The Episcopal Church: Undermining the USA from Within (and Betraying Christians)

In my previous post, I detailed the sordid story by which the Episcopal Church (USA) has gotten into the debt collection business. Refugees designated to migrate to the United States are advanced travel money by an arm of the U.S. State Department. They land here, and are placed in the hands of (among other agencies) Episcopal Migration Ministries (EMM), which helps them relocate into specific communities, find jobs, and settle in. Then EMM sees that they repay their travel advances to the Government, and pockets one-quarter of its debt collection proceeds for its trouble.

It’s a nifty racket, and ensures that annually over $300,000 comes into the Episcopal Church’s coffers, to help with its bottom line.  Meanwhile, the U.S. Government reimburses EMM for all of its other refugee relocation expenses, to the tune of some $14 million annually.

Now [H/T: El Gringo Viejo], your Curmudgeon has been pointed to this illuminating video message, which tells “the rest of the story,” so to speak. It turns out that a good portion of the refugees EMM is assisting are not just any refugees, but are Muslims from some of the countries to which America has sent troops, bombs or both: Somalia, Afghanistan, Iraq and (soon) Syria. Listen to Ann Corcoran as she explains what she discovered:

 

As you see (at 1:29 and following), EMM is one of nine major Government contractors engaged in making money to bring in refugees from these war-torn countries, in which the United States has militarily intervened. Five others, along with EMM, operate under the aegis of major American religious denominations: the Church World Service (an umbrella organization), the Hebrew Immigrant Aid Society, the Lutheran Immigration and Refugee Services, the United States Conference of Catholic Bishops, and the evangelically connected World Relief Corporation.

So let us draw the big picture: civil war breaks out in Muslim countries like Iraq, Afghanistan, Somalia and Syria; the United States intervenes militarily; havoc and destruction generate innumerable refugees, most of whom (but by no means all) are Sunni or Shiite Muslims; well-meaning Christians and liberals in the United States want to resettle them in our country, and so partner with the U.S. Government in bringing them here.

The only criterion for their migration to the United States appears to be that they cannot remain in their own war-torn country—either because it does not want them, or because the situation is so unstable that no one can vouch for their safety or protection.

[UPDATE 05/15/2015: The one criterion of the State Department for refusing to include them in the refugee program is if they happen to be Christians:

Also inappropriate, it seems, is the resettling of the most vulnerable Assyrian Christians in the United States.
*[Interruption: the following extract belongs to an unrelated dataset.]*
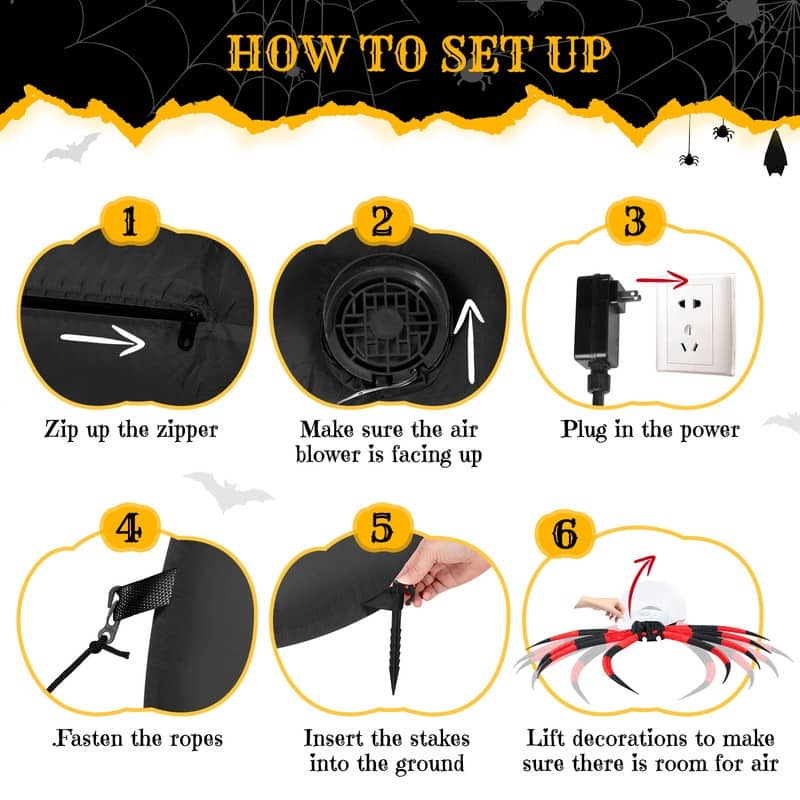 11.8 FT Halloween Inflatable Spider Outdoor Decorations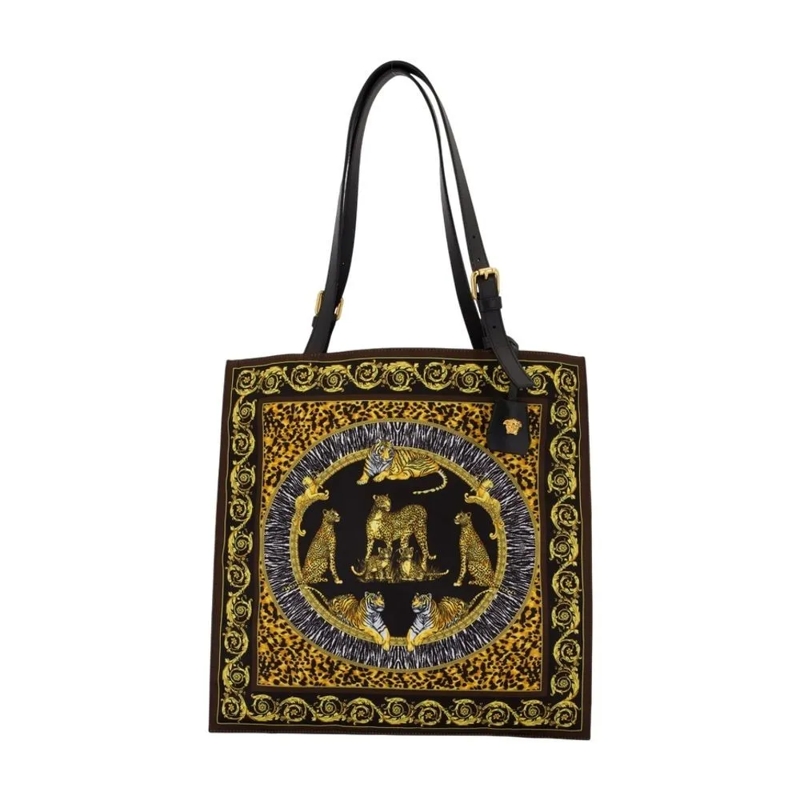 Versace Draagtas Wild Cats Shopper Bag - Nylon - Multicolor Brown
Donors in the private sector have offered complete funding for the airfare and the resettlement in the United States of these Iraqi Christians that are sleeping in public buildings, on school floors, or worse. But the State Department – while admitting 4,425 Somalis to the United States in just the first six months of FY2015, and possibly even accepting members of ISIS through the Syrian and Iraqi refugee program, all paid for by tax dollars, told Dobbs that they “would not support a special category to bring Assyrian Christians into the United States.”

The United States government has made it clear that there is no way that Christians will be supported because of their religious affiliation, even though it is exactly that – their religious affiliation – that makes them candidates for asylum based on a credible fear of persecution from ISIS. The State Department, the wider administration, some in Congress and much of the media and other liberal elites insist that Christians cannot be given preferential treatment. Even within the churches, some Christians are so afraid of appearing to give preferential treatment to their fellow Christians that they are reluctant to plead the case of their Iraqi and Syrian brothers and sisters.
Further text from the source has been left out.